▶ _What you are asked to do_
From the line with "怀孕1一40周全过程图 史上最全的高清胎儿发育图" to the line with "Levi´s Boxershorts LEVIS", retype every line exactly, including those two, and leave out the rest of the data below.

▶ _Provided data_
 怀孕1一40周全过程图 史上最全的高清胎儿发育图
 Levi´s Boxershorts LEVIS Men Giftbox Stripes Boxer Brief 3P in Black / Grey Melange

...

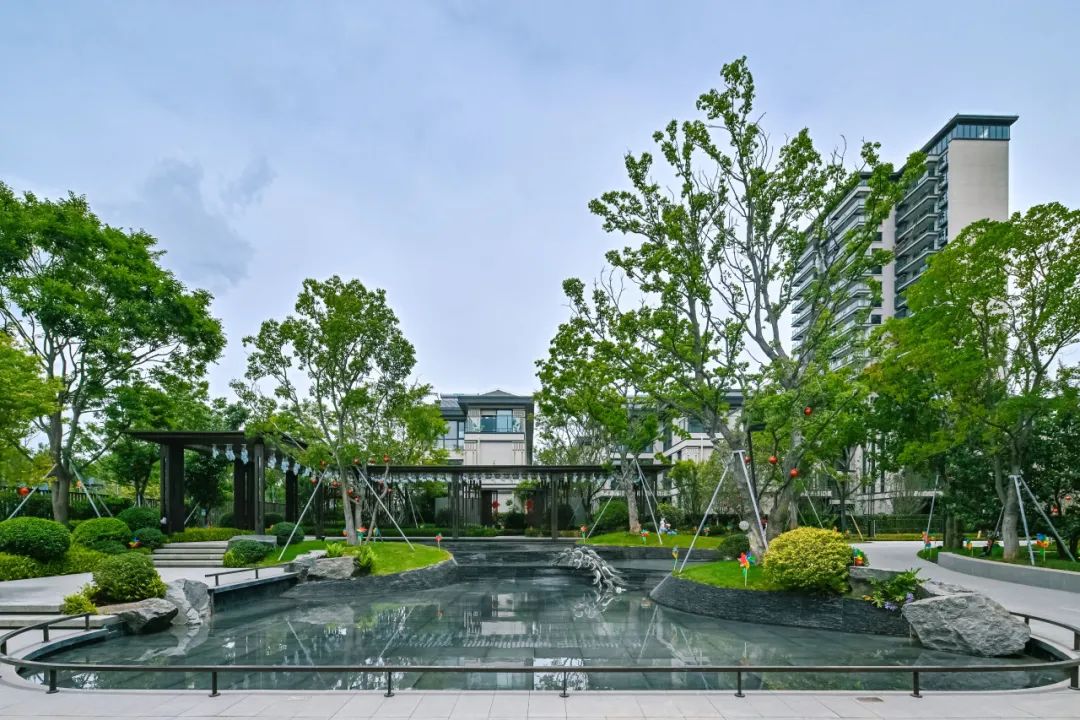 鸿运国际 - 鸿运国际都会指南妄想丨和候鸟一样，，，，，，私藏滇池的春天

▶ _Response area_
 怀孕1一40周全过程图 史上最全的高清胎儿发育图
 Levi´s Boxershorts LEVIS Men Giftbox Stripes Boxer Brief 3P in Black / Grey Melange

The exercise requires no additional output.